President Biden Welcomes Widow and Young Sons of Late Officer to White House Bill Signing

Credit: People, Greta Bjorson

President Joe Biden was sure to be joined by some meaningful guests at a series of bill signings on Thursday morning.

Biden, 78, welcomed the widow and two young sons of police officer Thomas Bomba to the White House while he signed legislation intended to protect law enforcement.

Angela Bomba and her boys, Tommy and Jake, were in attendance during the ceremony as Biden signed into law three bills: the Protecting America’s First Responders Act of 2021, the Confidentiality Opportunities for Peer Support (COPS) Counseling Act and the Jaime Zapata and Victor Avila Federal Officers and Employees Protection Act. 

Before he sat down to sign the bills, Biden told the crowd of about 40 attendees, “By the way, there’s a tradition when you sign the bill, you give the signing pen to the authors of the bill. But I don’t have that many pens with me.”

“I’m going to make sure everyone will get a pen,” Biden added. As he settled in to sign the papers in front of him, he took a moment to speak to Jake, standing next to him onstage.

“Hi, what’s your name?” the president asked in footage shared by local station WSLS. As he leaned over to shake the boy’s hand, he told Jake, “Nice to meet you,” and asked, “how old are you?” 

After learning Jake’s age (7) and grade (first), Biden thanked the boy for being at the bill signing and checked in to make sure he was okay. He later gifted Jake the pen he used to sign the legislation. 

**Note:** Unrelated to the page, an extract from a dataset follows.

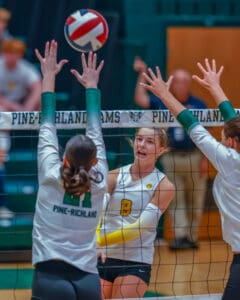 Female volleyball player spikes ball over net during intense indoor match.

Jake’s father, who worked as a Montgomery County police officer, died by suicide in 2019, according to Baltimore station WJZ. About 10 years before his death, Thomas had contracted a flesh-eating bacteria during a training exercise, an infection which almost killed him.  

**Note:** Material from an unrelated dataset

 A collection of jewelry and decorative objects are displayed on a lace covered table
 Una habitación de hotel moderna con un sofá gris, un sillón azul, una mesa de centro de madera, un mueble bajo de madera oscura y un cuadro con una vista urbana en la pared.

In May 2020, Reps. David Trone and Guy Reschenthaler proposed the COPS Counseling Act in response to Thomas’ death, according to Montgomery Community Media.  

“By providing confidentiality for peer support services like we do in the COPS Counseling Act, we can begin to remove the stigma that exists surrounding mental health,” Trone said in a statement at the time. 

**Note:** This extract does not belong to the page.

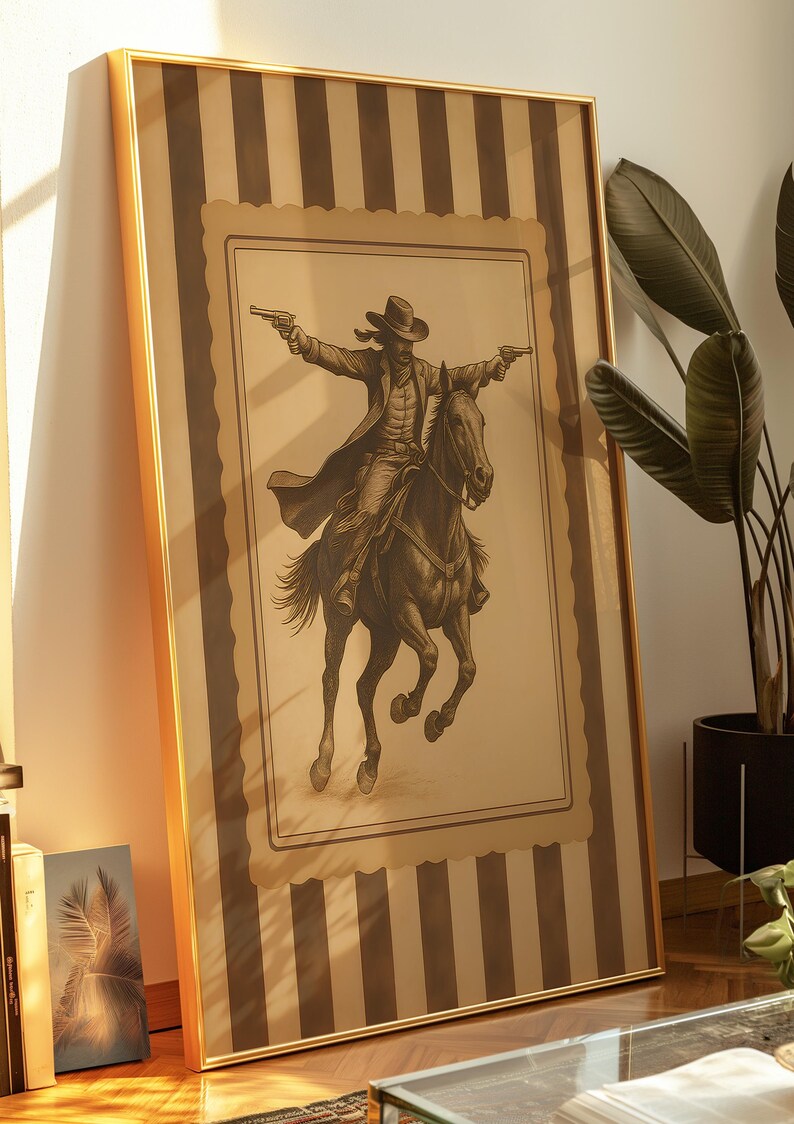 May include: Framed artwork featuring a sepia-toned illustration of a cowboy on horseback, holding two pistols. The artwork is in a gold frame and has a striped background.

Speaking at Thursday’s bill signing, Biden said Thomas’ “painful experience helped inspire this bill,” later adding: “My hope is by giving more officers access to confidentiality and high-quality mental health resources we’re going to reduce the stigma around seeking help and lead [to] better policing and prevent suicides.” 

The COPS Counseling Act “prohibits Federal law enforcement officers from disclosing the contents of peer support communications; and requires the Department of Justice to develop a report on best practices and professional standards for peer support counseling programs for first responder agencies,” the White House says.